PROBLEM:
The lines wanted are those from the one containing "this 250×188 image." to the last line of the entries below; output them exactly, leaving out pictures.

(Items from a dataset)

● ● ● ● ● ● ●

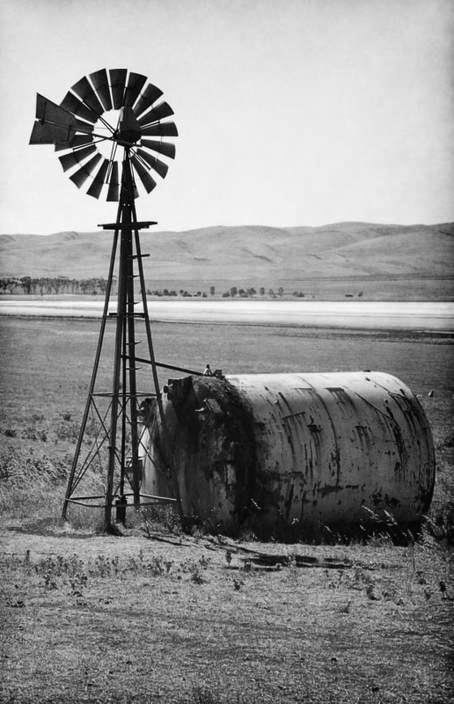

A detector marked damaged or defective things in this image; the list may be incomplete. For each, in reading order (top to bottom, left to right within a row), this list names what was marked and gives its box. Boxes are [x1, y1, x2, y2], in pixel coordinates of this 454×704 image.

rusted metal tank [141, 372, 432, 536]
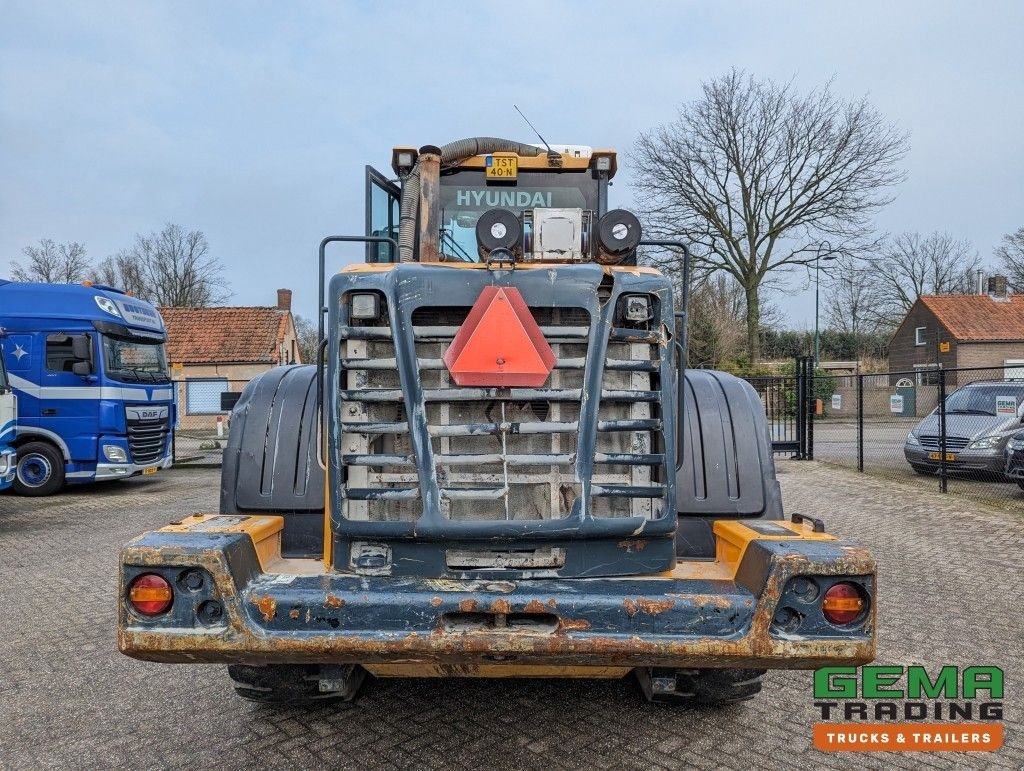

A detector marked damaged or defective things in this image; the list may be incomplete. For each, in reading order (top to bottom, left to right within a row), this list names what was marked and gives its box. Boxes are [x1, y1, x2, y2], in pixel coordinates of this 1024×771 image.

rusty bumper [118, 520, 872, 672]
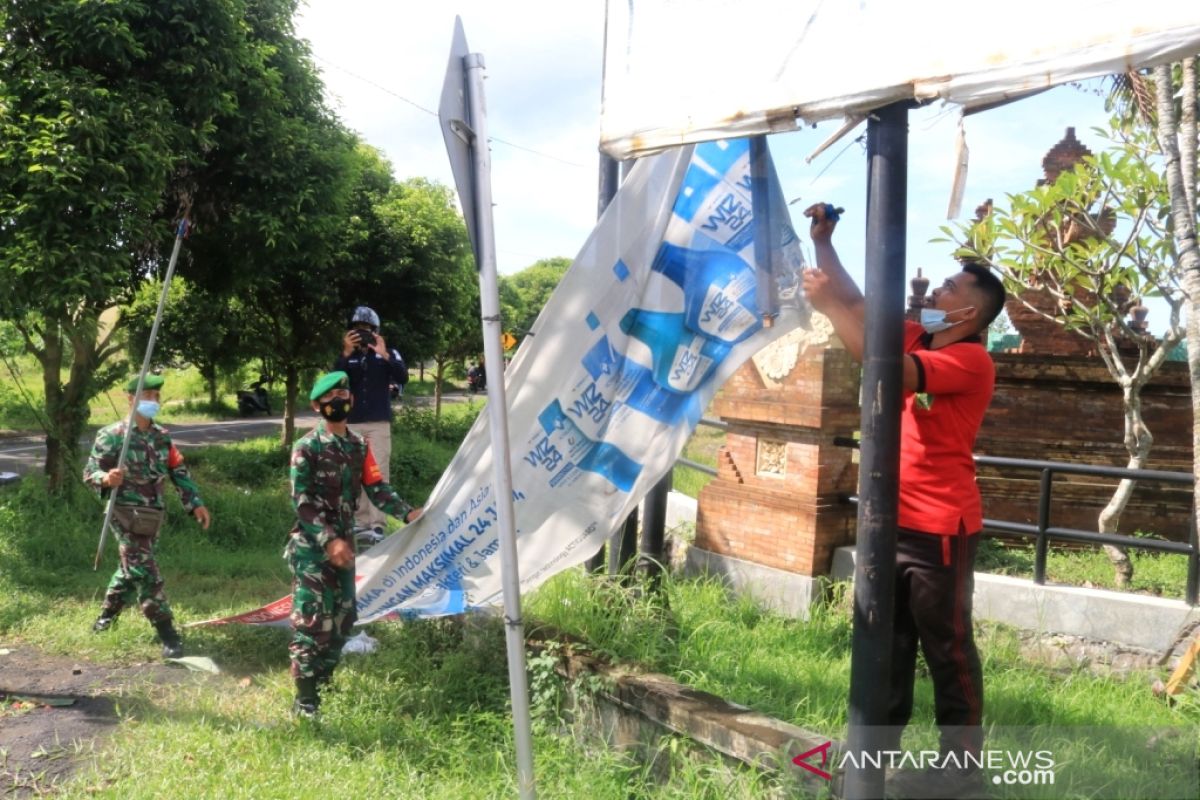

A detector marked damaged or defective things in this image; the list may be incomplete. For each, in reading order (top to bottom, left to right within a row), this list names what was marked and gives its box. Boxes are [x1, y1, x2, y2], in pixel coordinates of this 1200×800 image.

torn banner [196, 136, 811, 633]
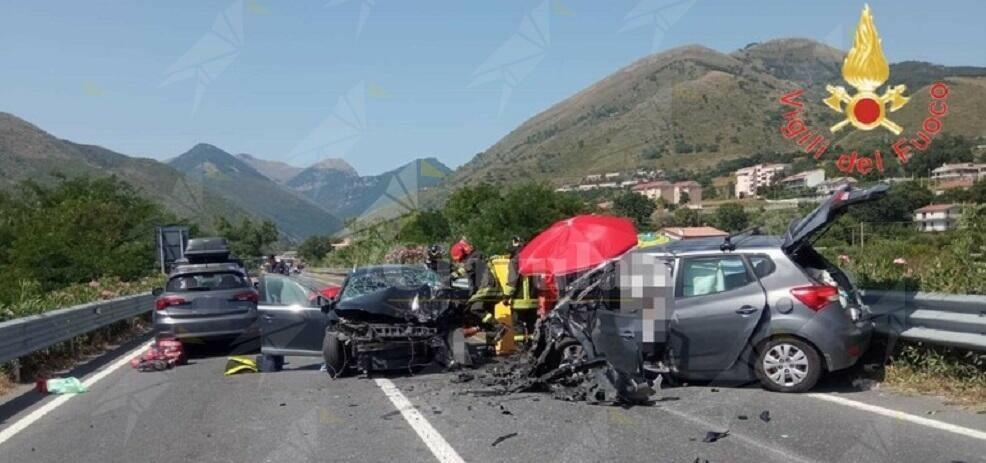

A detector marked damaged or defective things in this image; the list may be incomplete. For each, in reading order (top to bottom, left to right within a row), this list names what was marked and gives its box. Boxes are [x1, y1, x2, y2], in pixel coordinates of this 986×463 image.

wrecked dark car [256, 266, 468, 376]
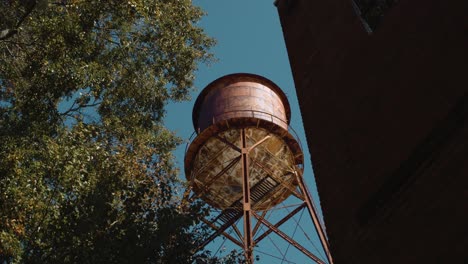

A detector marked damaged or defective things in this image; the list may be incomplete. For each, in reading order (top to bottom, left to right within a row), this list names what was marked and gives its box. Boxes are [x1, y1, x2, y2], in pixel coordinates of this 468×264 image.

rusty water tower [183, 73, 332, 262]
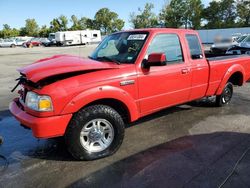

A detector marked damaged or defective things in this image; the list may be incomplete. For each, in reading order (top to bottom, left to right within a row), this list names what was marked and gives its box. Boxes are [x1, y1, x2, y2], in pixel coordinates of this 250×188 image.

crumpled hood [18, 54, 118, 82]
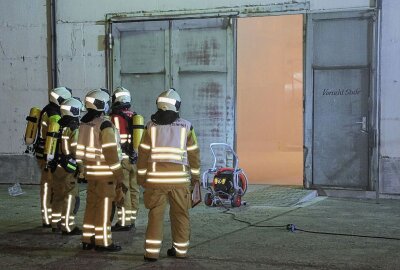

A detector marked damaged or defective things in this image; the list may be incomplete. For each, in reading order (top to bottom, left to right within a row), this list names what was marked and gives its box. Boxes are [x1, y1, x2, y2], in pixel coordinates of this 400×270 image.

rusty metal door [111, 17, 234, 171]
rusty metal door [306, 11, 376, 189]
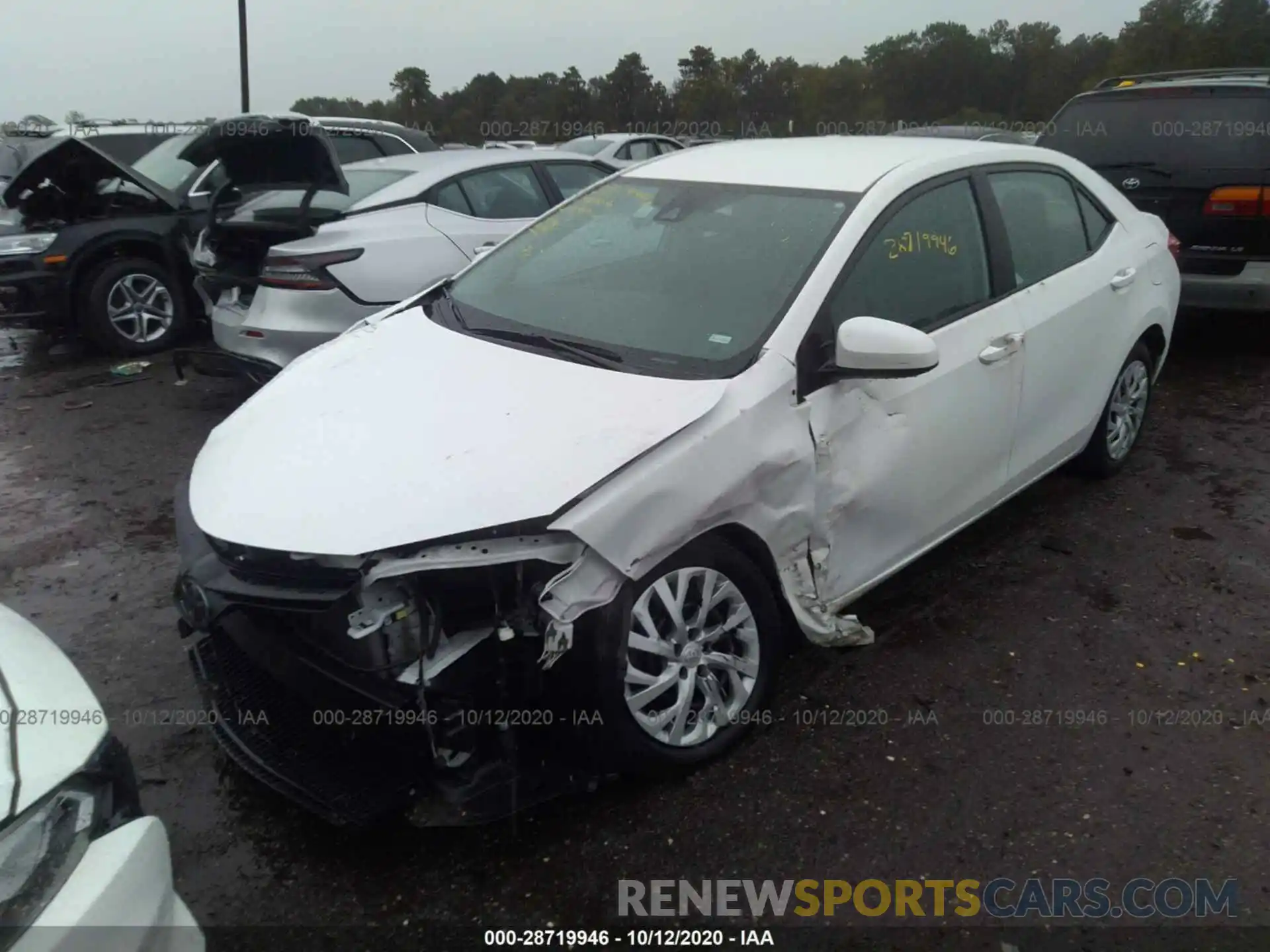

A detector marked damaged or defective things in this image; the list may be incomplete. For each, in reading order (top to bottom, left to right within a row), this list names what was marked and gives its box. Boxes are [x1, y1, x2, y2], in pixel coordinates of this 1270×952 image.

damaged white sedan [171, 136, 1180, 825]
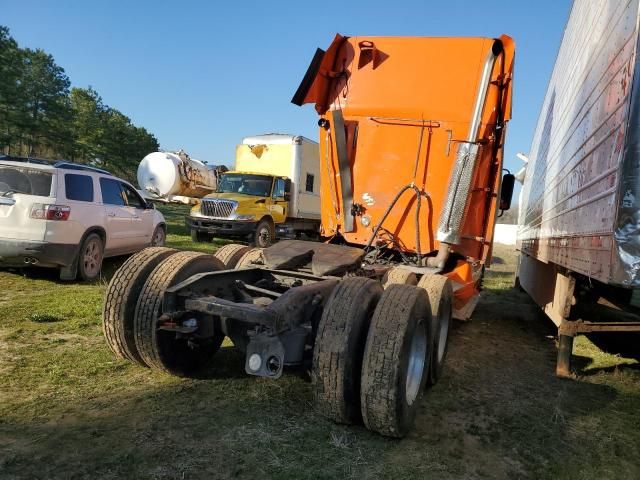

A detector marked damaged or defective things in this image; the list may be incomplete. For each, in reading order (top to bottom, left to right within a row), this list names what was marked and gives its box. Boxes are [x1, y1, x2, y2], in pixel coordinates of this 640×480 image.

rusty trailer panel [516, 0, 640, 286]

● ● ● ● ● ● ●

TASK RESULT:
A detector marked damaged or defective things in this image; the list may be incomplete. For each, in reading order (top to bottom, left to right within a row), this list names what was marked and gives its box. Boxes are [x1, y1, x2, y2], in pixel coordinates of this 250×188 image.

crumpled hood [18, 54, 118, 82]

A detector marked damaged or defective things in this image; the list may be incomplete. For each, in reading order (top to bottom, left to right within a row), this list names what was marked and gives its box. Boxes are [x1, y1, x2, y2], in pixel coordinates of this 400×270 image.

rusty metal door [111, 17, 234, 171]
rusty metal door [306, 11, 376, 189]

A detector marked damaged or defective things in this image; the list may be incomplete. For each, in reading order (top to bottom, left to right within a row), this list names what was marked and gives its box. Boxes are [x1, y1, x2, y2], in pixel coordinates of this 1270×952 image.

damaged white sedan [171, 136, 1180, 825]

A detector marked damaged or defective things in this image; the list may be incomplete. For each, in reading order (top to bottom, left to right within a row), this list names what was marked and gives its box. Boxes are [x1, y1, x2, y2], in pixel coordinates of this 640×480 image.

rusty trailer panel [516, 0, 640, 286]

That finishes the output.